As the alert and awake bunch you are, you may have noticed that the Triage stage contains a decision to do a forensic investigation or an IR investigation. Why? Glad you asked! The term forensic has come to mean the application of science to help solve a legal problem. Given the fragility of digital data, there are certain restrictions in the processes used to examine this data to ensure the evidence is “admissible” – legal rules which determine whether potential evidence can even be considered by a court. Over the years this has comes to mean examination of the hard drive of the computer following certain court approved procedures. Obviously then, investigations of disks takes skill, training and most importantly time and time is something organisations do not have in an incident.
So how do we balance the need for speed in an incident with ensuring the evidence is collected correctly? With foresight and aforethought and setting up proactively for what I call forensic incident response.
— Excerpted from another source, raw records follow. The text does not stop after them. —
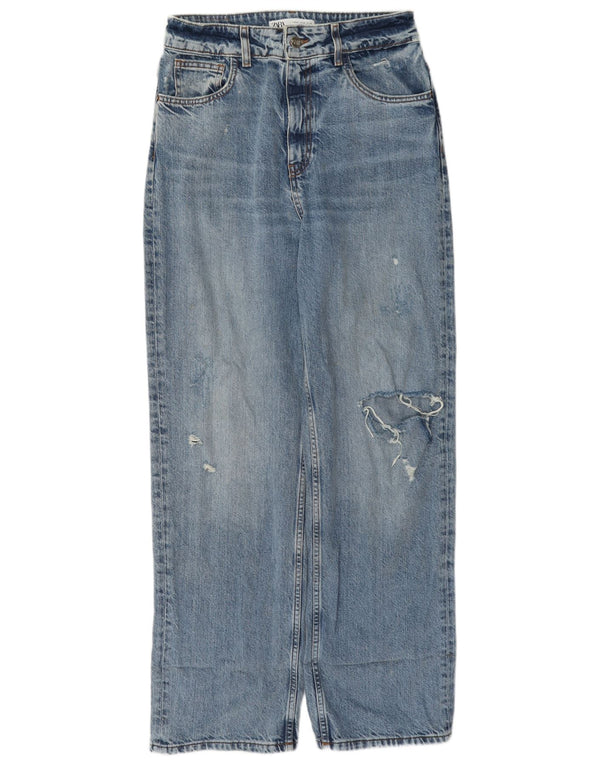 Zara Damen High Waist Distressed Straight Jeans EU 40 Mittel W30 L31 Blau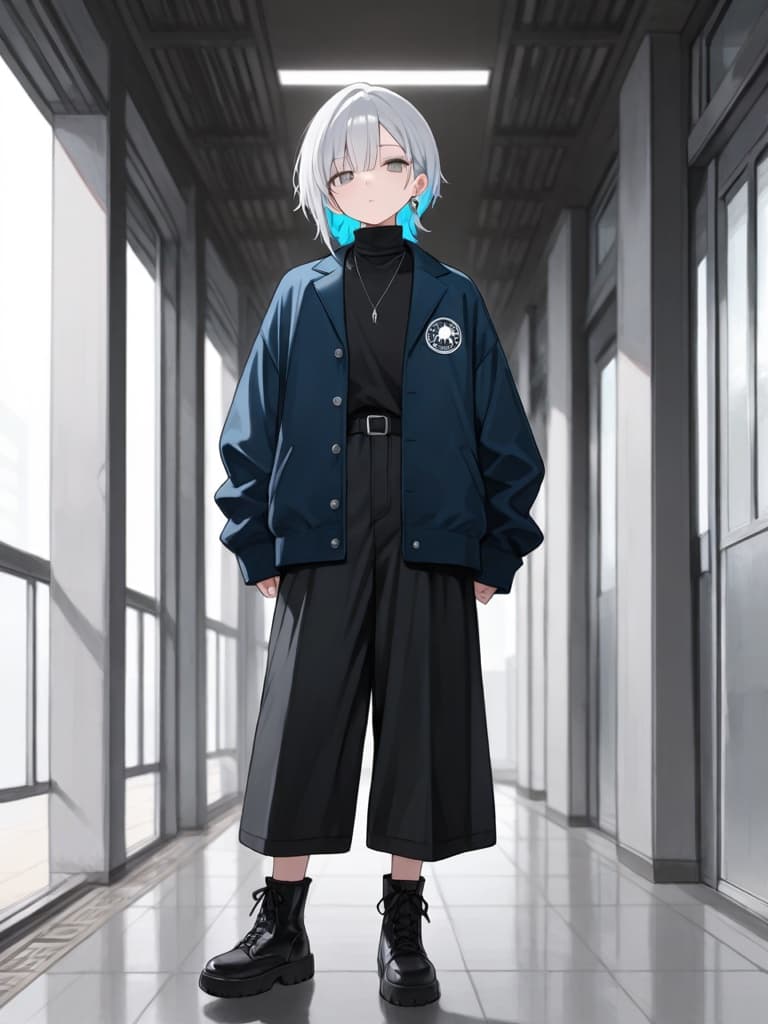 Original androgynous OC with two-tone silver hair in an oversized streetwear blazer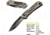 Kilimanjaro Gear Caula Folding Knife,3.4in,Tan Skeletonized G10 Handle, Black Plain Blade KJ910022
For example, ensure that all your sensitive machines have the system drive mirrored, where mirroring is an automated process of writing data to two drives simultaneously. Using a hardware mirror with true hot-swappable capability means you can pull one of the drives, set this aside for a full forensic investigation and continue with incident response data collection for the triage stage on the running system, with minimal impact to the business. At the very minimum though, audit logs and other event logs such as firewall logs are essential data required to investigate a security incident. It is hard to overstate the importance of correctly configured auditing and logging. Treat logs with the respect they deserve and get them off the machines in real-time to a backend SQL database behind a firewall, ensuring that domain administrators have Read-Only access and audit for access to the database.
Before this turns into a whitepaper, I’ll sign off now.
Watch out for those lions! Best wishes for 2015.